It’s a hard life being a British tennis player. You’re constantly being compared unflatteringly to Tim Henman, you have to schlep around the world’s minor tournaments before going out in the first round at Wimbledon, and worst of all, you can’t boast about your burger and cider habits on Bebo without getting suspended by the Lawn Tennis Association. Harumph.
However, it’s not just tennis pros who are getting caught out. Social networks are meant to bring us closer together – which they do – but they’re also a minefield of potential shame and embarrassment. Here’s 20 more ways you can come a cropper – you get a prize if you’ve done more than ten of ’em.
1. Get dropped by your hard-partying kebab-munching friends when they read your Bebo profile and realise you’re really a teetotal fitness-focused tennis professional.
2. Reveal yourself as a two-faced hypocrite by praising both pirates AND ninjas on your Facebook profile. For shame.

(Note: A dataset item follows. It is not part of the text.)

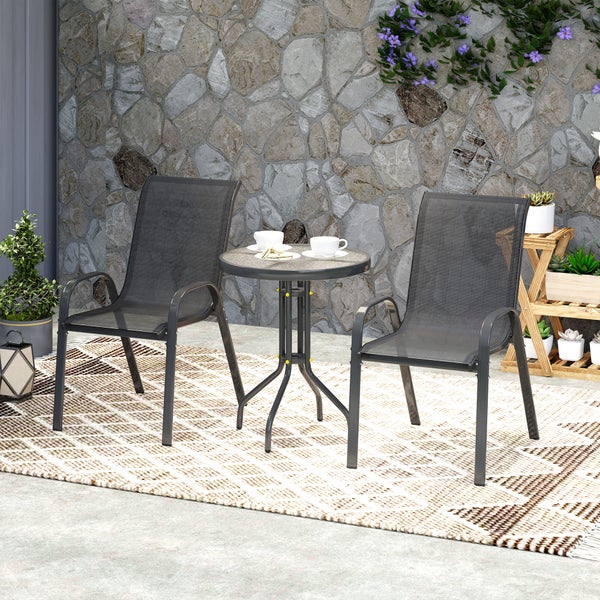 Modernes Gartenmöbel-Set bestehend aus zwei schwarzen Stapelstühlen mit Textilbespannung und einem runden Bistrotisch auf einem Außenteppich.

3. Blog at length on Vox about your boss being an incompetent pompous halitosis-ridden idiot, and forget to set the privacy setting to Friends Only (and yes, it’s the incompetent pompous bosses who Google their own names obsessively every night).
4. Put your whinily rubbish songs on your MySpace profile and expect friends and strangers alike to spend even a few minutes of their busy lives subjecting their ears to your caterwauling. Yes James Blunt, I’m looking at you.
5. Create a well-designed, easily-navigable MySpace profile with artistic use of white space, and stylish yet unobtrusive fonts. What were you thinking?
6. Swear copiously and change your interests to read ‘Crack cocaine, bestiality’ just after signing your mum up as one of your friends.
7. Actually, signing your mum up to a social network is pretty embarrassing in its own right…
8. Boast about how many drugs you hoovered up last weekend, the day before a job interview where your potential employers are bound to be Googling you as research. Unless you’re a professional cyclist, in which case this isn’t an embarrasment: it’s a deal-clincher.
9. Too many exclamation marks on your profile. By which I mean any.
10. Tell your other half you were well-behaved at last night’s office party, only for them to find 17 comments on your profile saying stuff like ‘I can’t believe you snorted the office gecko / urinated on the CEO’s wife / went off with those two strippers’.
11. Forget your Last.fm Scrobbler is publishing every track you listen to on your Facebook profile, and be shunned when people see you spent an entire afternoon listening to the Big Brother twins’ cover of ‘Barbie Girl’ on repeat.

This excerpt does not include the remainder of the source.